* **WHAT YOU HAVE TO DO**:
Nothing but the lines below from the one with "Betrachten Sie vor" through the one with "14 Tallman Street Jacksonville NC 28540" should be output, each exactly as given, and no pictures.

* **DATA PROVIDED**:
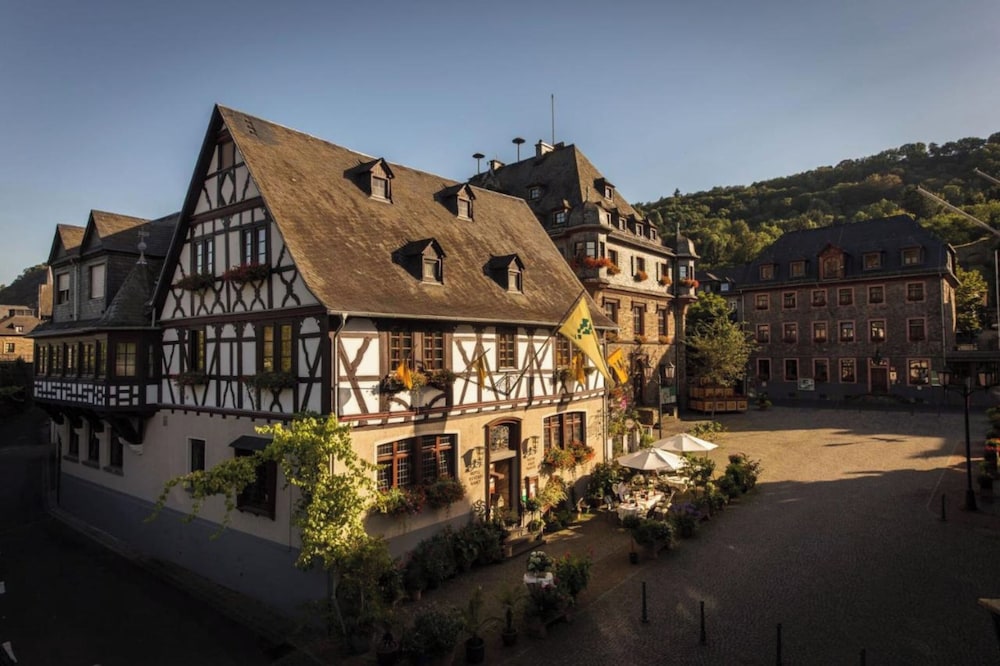 Hotel Restaurant Weinhaus Weiler — hotel in Oberwesel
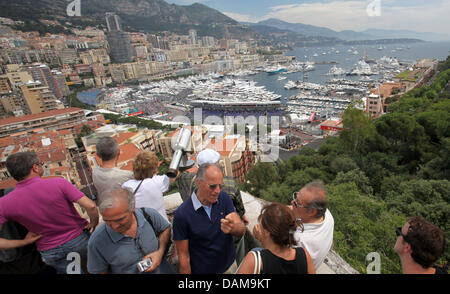 Betrachten Sie vor der Hochzeit von Prinz Albert II von Monaco-Touristen die Stadt aus dem Fürstenpalast in Monte Carlo, Monaco, 27. Mai 2011. Die Vorbereitungen für die Hochzeit laufen: Kleid, Musik und Essen bestellt. Am 1. Juli 2011 wird Fürst Albert II. von Monaco seine Freundin Charlene Wittstock heiraten. Foto: Jens Büttner Stockfoto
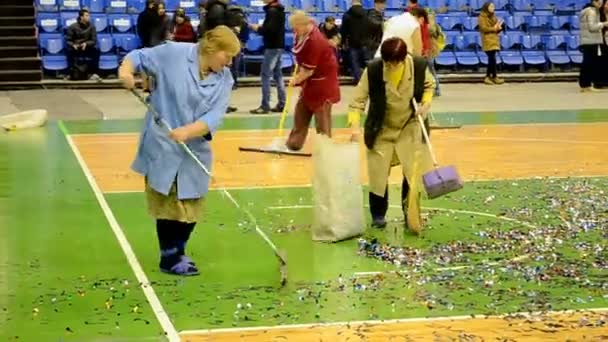 Αρένα καθαρισμός κατά τη διάρκεια του Πρωταθλήματος μπάσκετ F4 τελικό στο Κίεβο, Ουκρανία. — Αρχείο Βίντεο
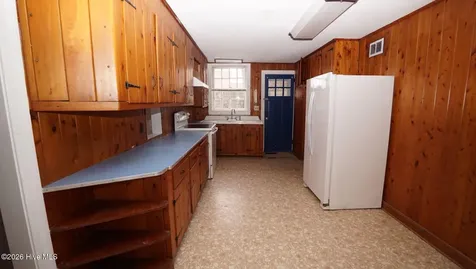 14 Tallman Street Jacksonville NC 28540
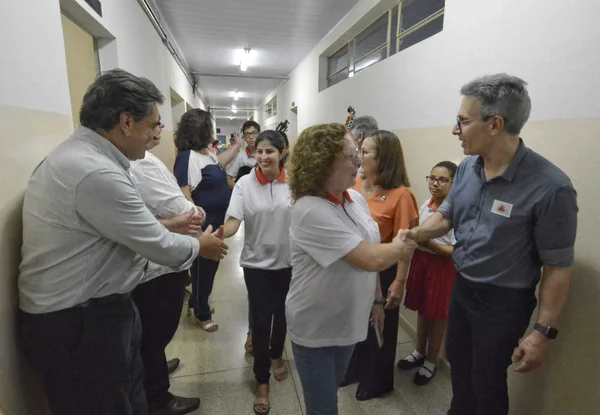 Governador vistoria entregas para a educação na região Central do estado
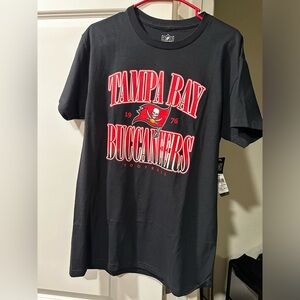 NFL team apparel Tampa Bay Buccaneers Men’s tee, medium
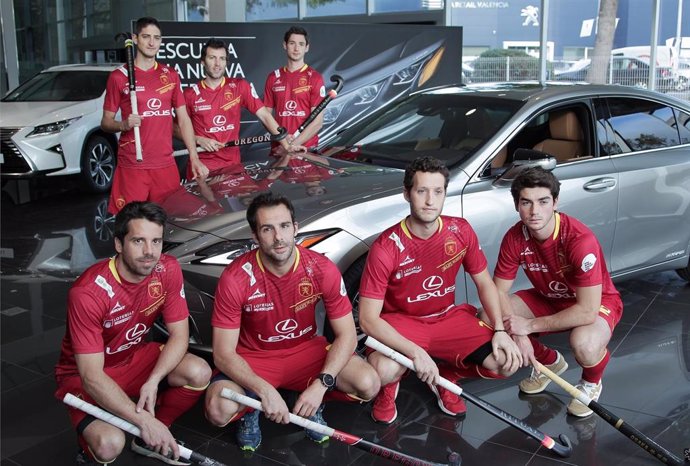 La selección española de hockey sobre hierba en un acto de Lexus en Valencia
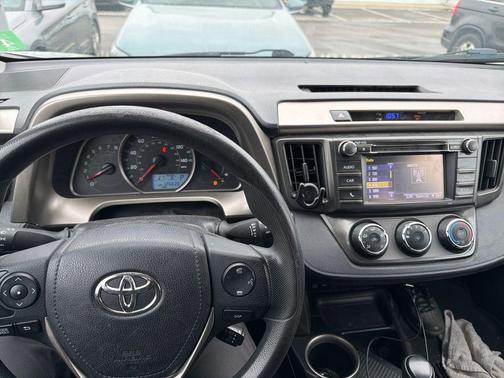 2014 Toyota RAV4 LE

* **EXERCISE RESULT**:
 Betrachten Sie vor der Hochzeit von Prinz Albert II von Monaco-Touristen die Stadt aus dem Fürstenpalast in Monte Carlo, Monaco, 27. Mai 2011. Die Vorbereitungen für die Hochzeit laufen: Kleid, Musik und Essen bestellt. Am 1. Juli 2011 wird Fürst Albert II. von Monaco seine Freundin Charlene Wittstock heiraten. Foto: Jens Büttner Stockfoto
 Αρένα καθαρισμός κατά τη διάρκεια του Πρωταθλήματος μπάσκετ F4 τελικό στο Κίεβο, Ουκρανία. — Αρχείο Βίντεο
 14 Tallman Street Jacksonville NC 28540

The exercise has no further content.